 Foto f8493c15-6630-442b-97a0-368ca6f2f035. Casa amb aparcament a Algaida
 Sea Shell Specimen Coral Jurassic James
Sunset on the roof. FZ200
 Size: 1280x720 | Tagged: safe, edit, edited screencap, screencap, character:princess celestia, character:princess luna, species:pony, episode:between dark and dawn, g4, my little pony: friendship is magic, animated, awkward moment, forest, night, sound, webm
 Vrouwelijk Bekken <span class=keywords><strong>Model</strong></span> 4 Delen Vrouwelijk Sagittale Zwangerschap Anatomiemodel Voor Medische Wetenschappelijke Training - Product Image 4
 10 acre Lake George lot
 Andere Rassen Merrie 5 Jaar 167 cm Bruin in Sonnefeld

··········

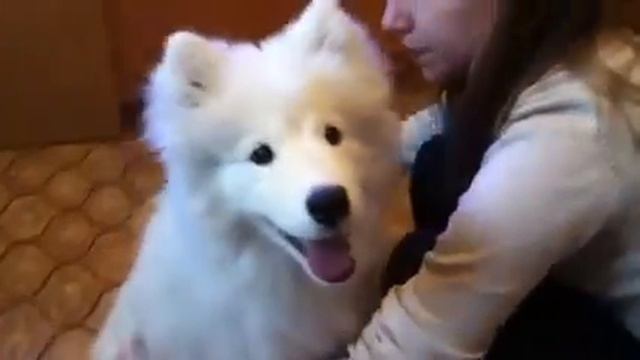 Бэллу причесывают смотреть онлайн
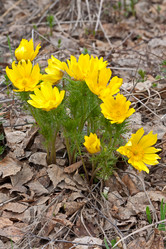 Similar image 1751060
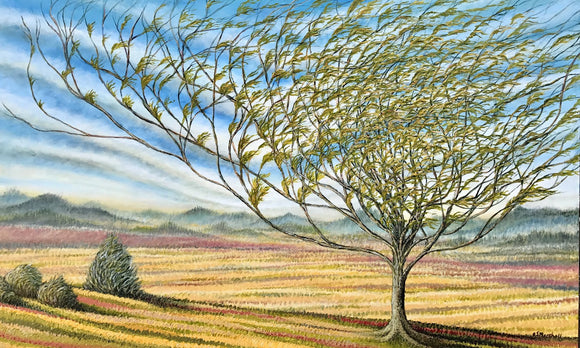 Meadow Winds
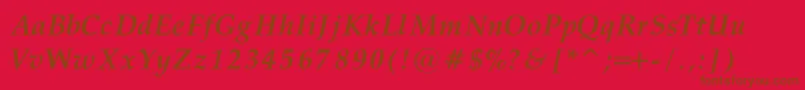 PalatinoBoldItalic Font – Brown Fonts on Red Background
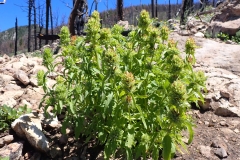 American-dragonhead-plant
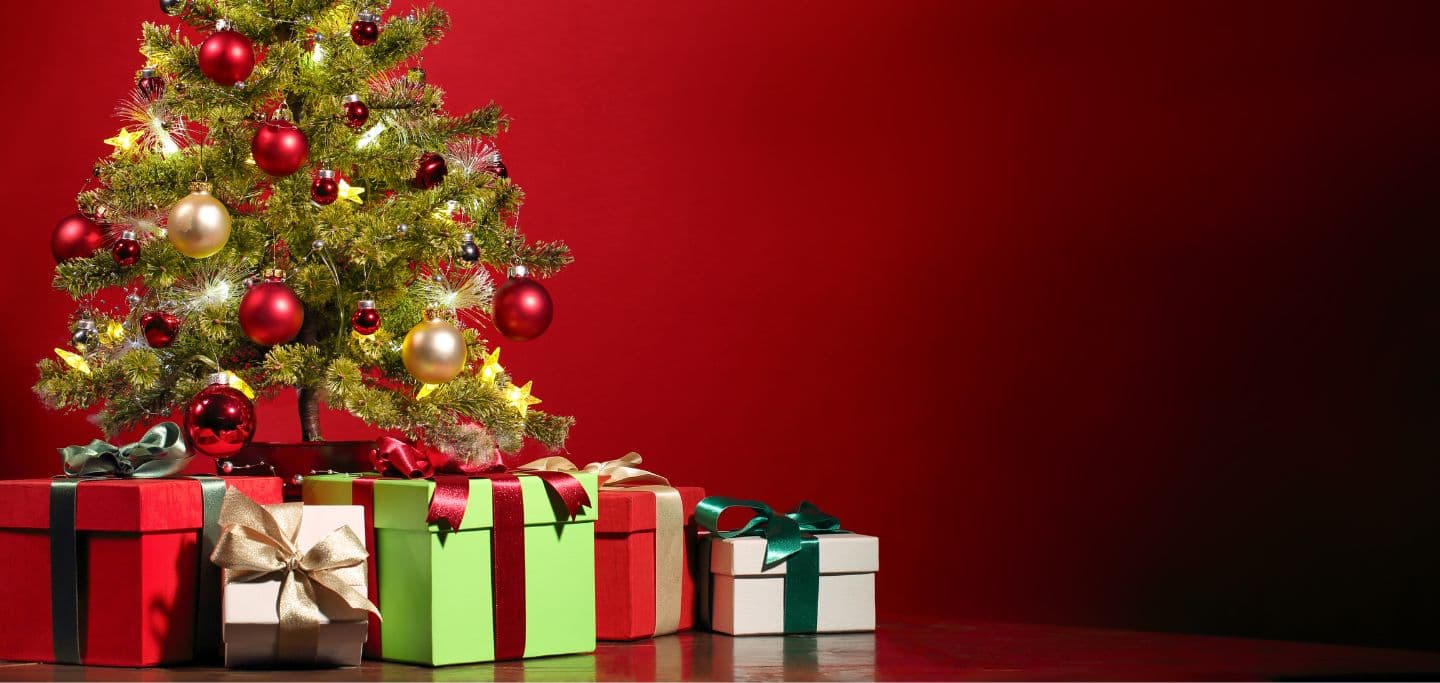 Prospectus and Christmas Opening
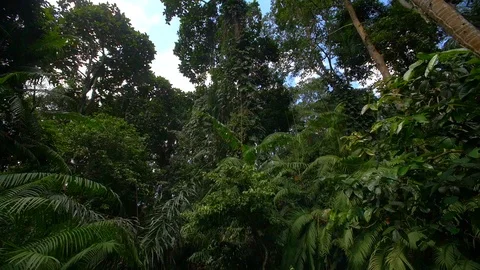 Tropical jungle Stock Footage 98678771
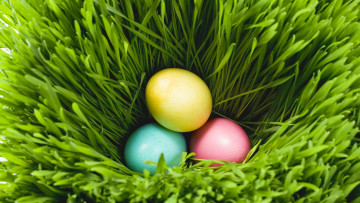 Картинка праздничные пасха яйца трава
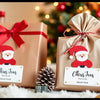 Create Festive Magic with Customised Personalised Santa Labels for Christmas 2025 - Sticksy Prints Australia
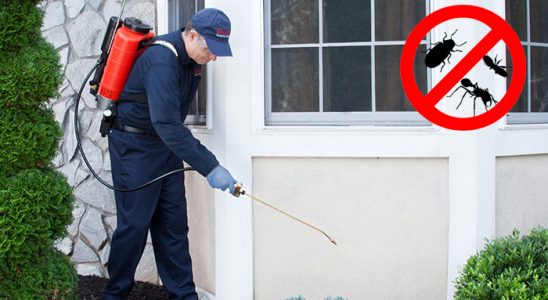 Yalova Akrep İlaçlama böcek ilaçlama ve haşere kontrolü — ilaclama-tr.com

··········

▶ [Exercise details]
In the data above, find the line with "Sea Shell Specimen Coral Jurassic James" and the line with "Andere Rassen Merrie". Retype both, plus every line between them, exactly.

▶ [Task response]
 Sea Shell Specimen Coral Jurassic James
Sunset on the roof. FZ200
 Size: 1280x720 | Tagged: safe, edit, edited screencap, screencap, character:princess celestia, character:princess luna, species:pony, episode:between dark and dawn, g4, my little pony: friendship is magic, animated, awkward moment, forest, night, sound, webm
 Vrouwelijk Bekken <span class=keywords><strong>Model</strong></span> 4 Delen Vrouwelijk Sagittale Zwangerschap Anatomiemodel Voor Medische Wetenschappelijke Training - Product Image 4
 10 acre Lake George lot
 Andere Rassen Merrie 5 Jaar 167 cm Bruin in Sonnefeld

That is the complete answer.